I would read my paper first to understand where I'm coming from, but consider instead that knowledge is simply a tool humanity uses in an attempt to get as close to the truth as logically possible. What would be wrong with that? If we have concluded one thing is impossible, then the next step is to determine what is possible within our goals.

Consider the act of induction. I have a deck of playing cards that is normal and complete. Someone starts shuffling the deck without either of knowing the order of the cards and asks me, "What's going to be drawn first after I shuffle the deck? A card with hearts, or a card with diamonds, spades, or clovers?"

Now its impossible for me to know the answer. But, I can take what is not impossible for me to know, that there is a ratio of 3/4 that it will be a diamond, spade, or clover, and guess that it will be one of those. Its using logic in an impossible to know outcome, to still make a guess that is more likely to match the possible outcome than not.

PL Olcott August 27, 2023 at 19:56 #834047
Quoting Philosophim
I would read my paper first to understand where I'm coming from, but consider instead that knowledge is simply a tool humanity uses in an attempt to get as close to the truth as logically possible. What would be wrong with that? If we have concluded one thing is impossible, then the next step is to determine what is possible within our goals.


I saved the whole thing as a 33 page PDF. Only the first 12 pages are your paper.
With the free PDF readers of recent years I can highlight key sections as needed.

Dictionaries seem to agree with your view in that they seem to be saying something like
knowledge is a very coherent set of ideas that tend to have very practical application.
I think that when it refers to facts that these expressions of language must be true.

(1) acquaintance with facts, truths, or principles, as from study or investigation; general erudition:
knowledge of many things.

(2) familiarity or conversance, as with a particular subject or branch of learning:
A knowledge of accounting was necessary for the job.
https://www.dictionary.com/browse/knowledge

When analytical knowledge is defined as a justified true belief such that the justification necessitates the truth of the belief then the Gettier problem is no longer possible.

Empirical knowledge is defined as a justified true belief such that the justification makes every possible attempt to correctly match a set of physical sensations to their corresponding elements in a correct verbal model of the actual world.

Unless you actually see the five coins that you believe that your friend has and made a best possible attempt to verify that they are not counterfeit you have no knowledge that your friend has these five coins.

If we don't make the definition of knowledge as tight as possible something mistaken for knowledge could make humanity extinct. Because of the human ego many people take their own wrong headed opinions as exactly one-and-the-same thing as verified facts.
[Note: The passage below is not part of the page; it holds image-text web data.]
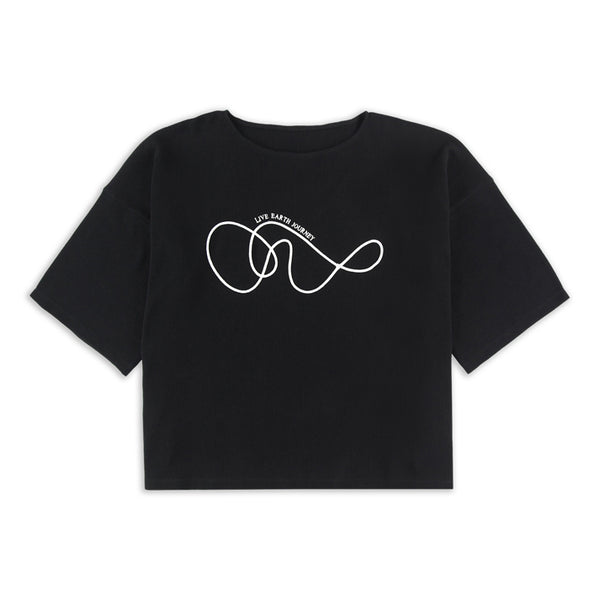 「いのちめぐる冒険（LIVE EARTH JOURNEY）」の公式Tシャツ Black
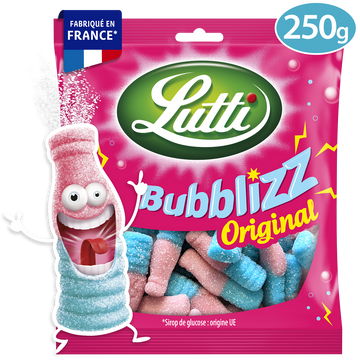 Bonbons Bubblizz piquants LUTTI - Sachet de 225g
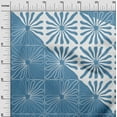 thumbnail image 3 of oneOone Cotton Cambric Medium Blue Fabric Geometric Modern Flower Sewing Craft Projects Fabric Prints By Yard 56 Inch Wide, 3 of 4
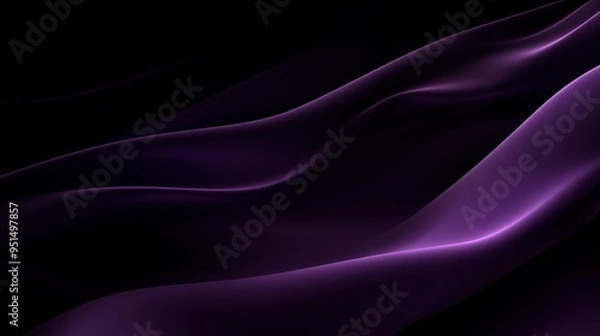 Obraz Dark Purple Black Gradient Abstract Background.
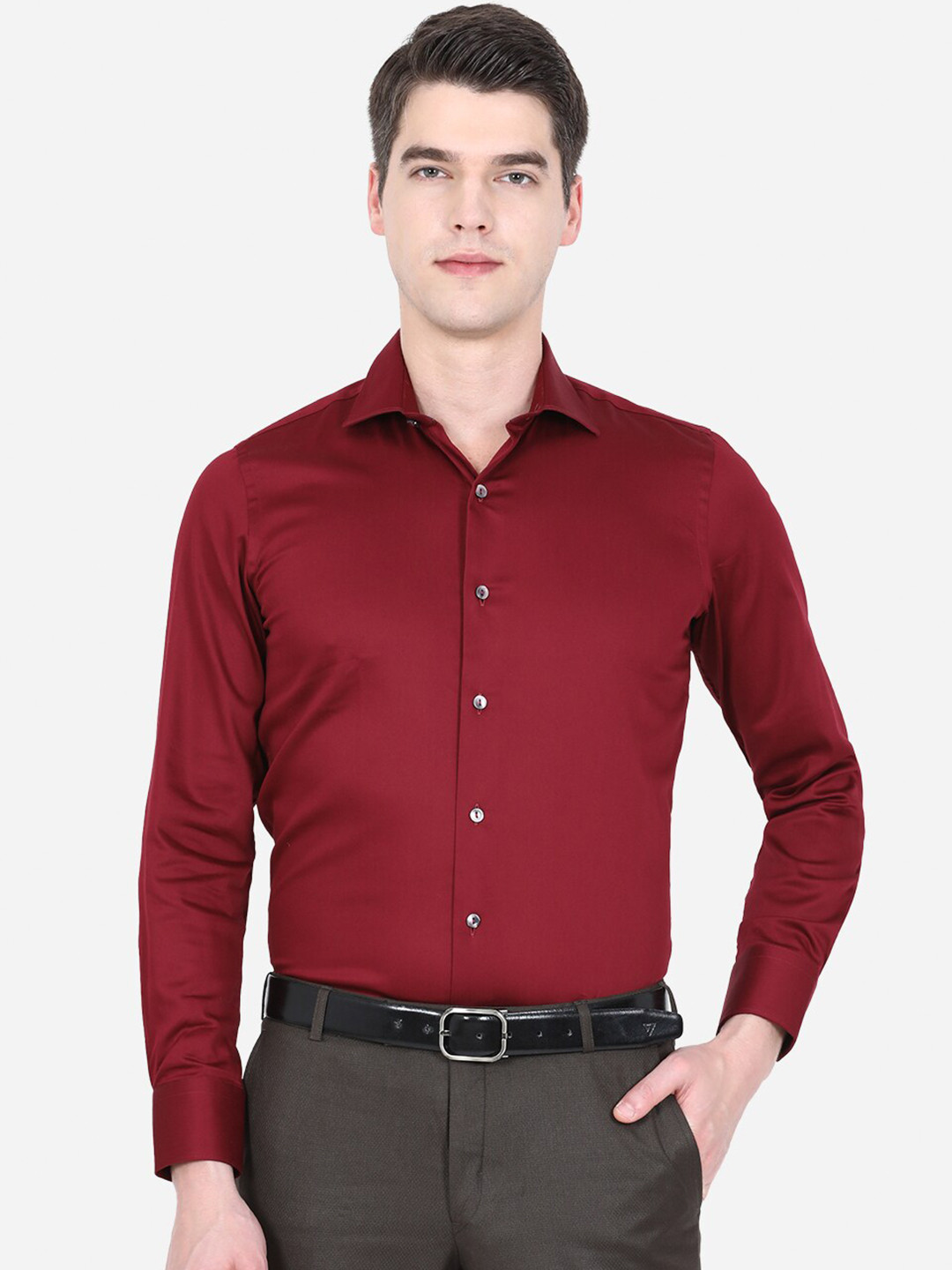 

WYRE Men Maroon Slim Fit Formal Shirt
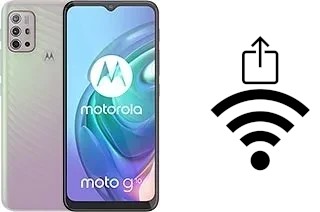 How to generate a Wi-Fi QR code on an Motorola Moto G10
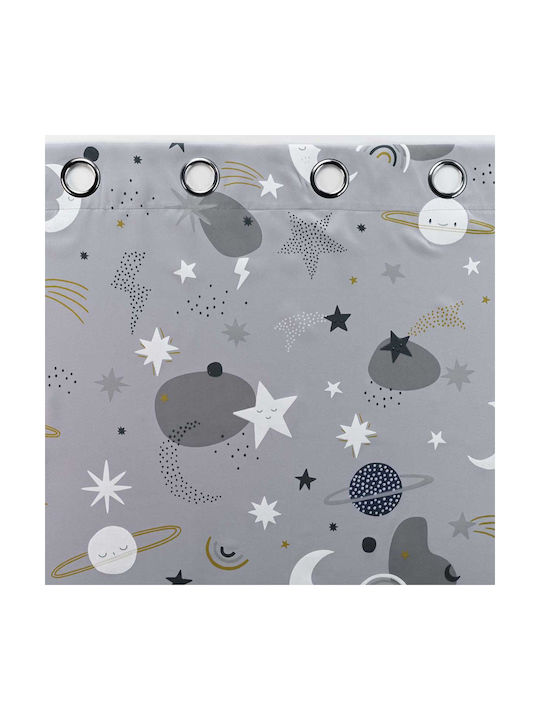 Douceur d'Intérieur Kids Grommet Top Blackout Curtain Moonlight Gris 1611408 140x260cm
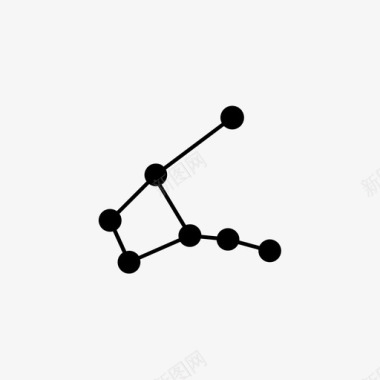 大力神星座夜晚图标图标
Since the cost of making a mistake could make humanity extinct (or worse) it might be better to err on the safe side and say that empirical knowledge is impossible. This view tends to keep reinforcing humility.

Studies have shown that mistaken eyewitness testimony accounts for about half of all wrongful convictions. Researchers at Ohio State University examined hundreds of wrongful convictions and determined that roughly 52 percent of the errors resulted from eyewitness mistakes.
https://www.crf-usa.org/bill-of-rights-in-action/bria-13-3-c-how-reliable-are-eyewitnesses

Eyewitness testimony is mistaken to be very reliable and this causes grave errors.
https://www.simplypsychology.org/eyewitness-testimony.html

A person could be put to death because jurors were unaware of the divergence of empirical knowledge from truth. Because of this it might be best to refer to {empirical knowledge} as a {reasonable guess} and never call it any kind of knowledge at all.
PL Olcott August 28, 2023 at 16:18 #834245
Quoting Philosophim
I would read my paper first to understand where I'm coming from, but consider instead that knowledge is simply a tool humanity uses in an attempt to get as close to the truth as logically possible. What would be wrong with that? If we have concluded one thing is impossible, then the next step is to determine what is possible within our goals.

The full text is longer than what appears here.